Rajoy no debe imponerse, sino negociar



Desde la sede del Gobierno en funciones en Moncloa comienzan a salir a la luz pública sorprendentes replanteamientos tras la debacle interna protagonizada en las últimas fechas por el PSOE. Hasta el momento, el PP había reclamado evitar unas terceras elecciones disparatadas mediante el trámite de una abstención socialista ante el pacto alcanzado entre los populares y el partido de Albert Rivera. Demanda más que razonable persistentemente rechazada por Pedro Sánchez. Su obcecada negativa contra toda lógica ha acabado estallándole en la cara, como era previsible que sucediera cuando se actúa contra la más elemental sensatez política.

Ahora la insensatez parece que tienta a sus contrincantes. Desde Moncloa ya no se pide una abstención del Grupo Socialista que permita una segunda legislatura de Mariano Rajoy. Parece ser que esto ya no es suficiente. Empieza a exigirse otra cosa distinta: una adhesión sin contrapartidas del PSOE a los presupuestos generales del Estado en vías de tramitación bajo la supuesta premisa de que esa subordinación es indispensable para la gobernabilidad. Se trata de un argumento que va contra cualquier lógica política y que puede estallarle a Rajoy en la cara de modo análogo a la obstinación disparatada de Pedro Sánchez.
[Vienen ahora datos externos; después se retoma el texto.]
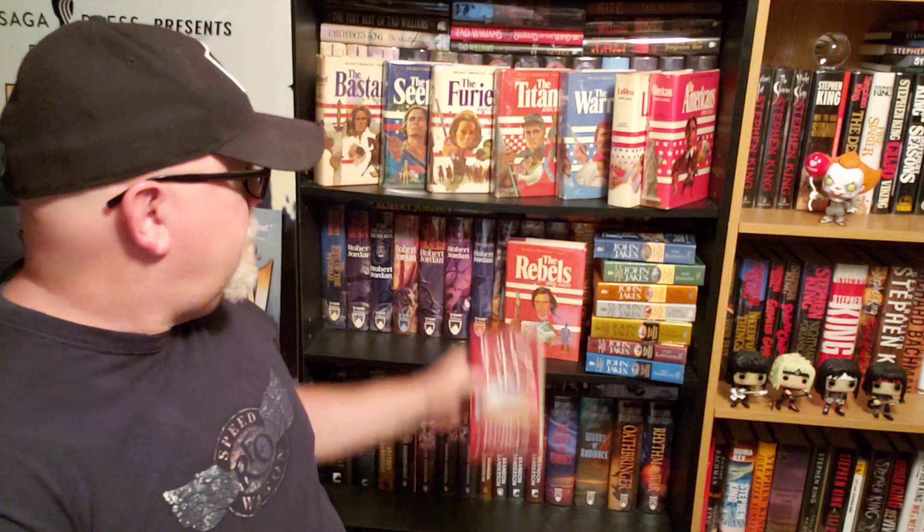Today I'm going to be reviewing The Rebels by John Jakes. This book is book number two in the Kent Family Chronicles and it came out in 1975. Let's talk about the covers first, then the series as a whole, and then we'll get into the book review.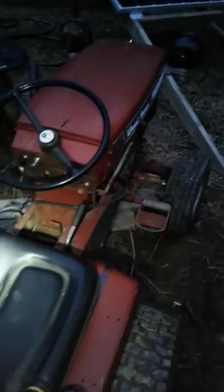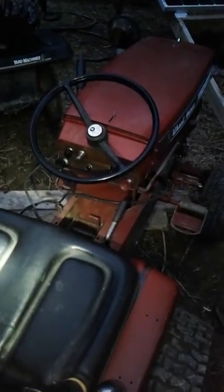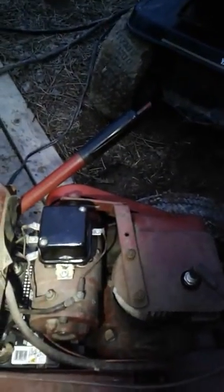Outside of that, this is my first Wheel Horse and any and all help is appreciated. Like I said, it fires up fairly easy, but when you engage it — put it in forward or reverse — it'll die and you won't go too far. It does have a new voltage regulator on it, and it's got 23-inch tires in the back.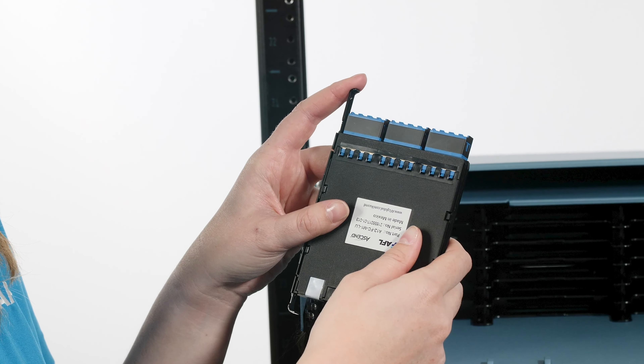To release the cassette, pull out on the release lever and slide the cassette out of the tray. To reinstall the cassette, re-engage the release lever by pushing in on the lever. A click will be heard, and the cassette is ready to be installed again.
Necesitará una extraordinaria habilidad la Gestora socialista para cambiar en tan breve lapso de tiempo el sentir generalizado en Ferraz y conseguir la abstención.

Requerir más que la abstención carece del más mínimo sentido. Mariano Rajoy debería recordar que es el partido mayoritario, pero que está en minoría en el Congreso: no ha logrado la mayoría absoluta. Por eso, debe interiorizar que la opinión pública y los resultados electorales le exigen flexibilidad y negociación. Más que reclamar adhesiones, haría mejor en bajar a la arena y fajarse con el indispensable pacto a tres bandas al que apremian los nuevos tiempos políticos. Si no se siente capaz de ello, mejor que arroje la toalla. Cierto que en Génova puede tentar ahora forzar unas terceras elecciones aprovechando que el PSOE se encuentra descoyuntado. En ese caso habría de afrontar el rechazo generalizado de la ciudadanía de ese retorno inaceptable a las urnas y un peligroso repunte de las fuerzas populistas.

Si en esta tesitura, el miedo del PSOE a una catástrofe electoral le arrastrara a refrendar sin más la gestión del PP, en poco tiempo veríamos cómo las bases socialistas volverían a alzar a la secretaria general a Pedro Sánchez o a cualquier figura populista que les prometiera resarcirse de ese sometimiento. Dos escenarios que no le convienen en modo alguno a la nación. Mariano Rajoy debe mantener los pies en el suelo y guiarse por una mayor sensatez política, si no quiere que la falta de lógica desemboque en un nuevo caos, esta vez en su propia casa.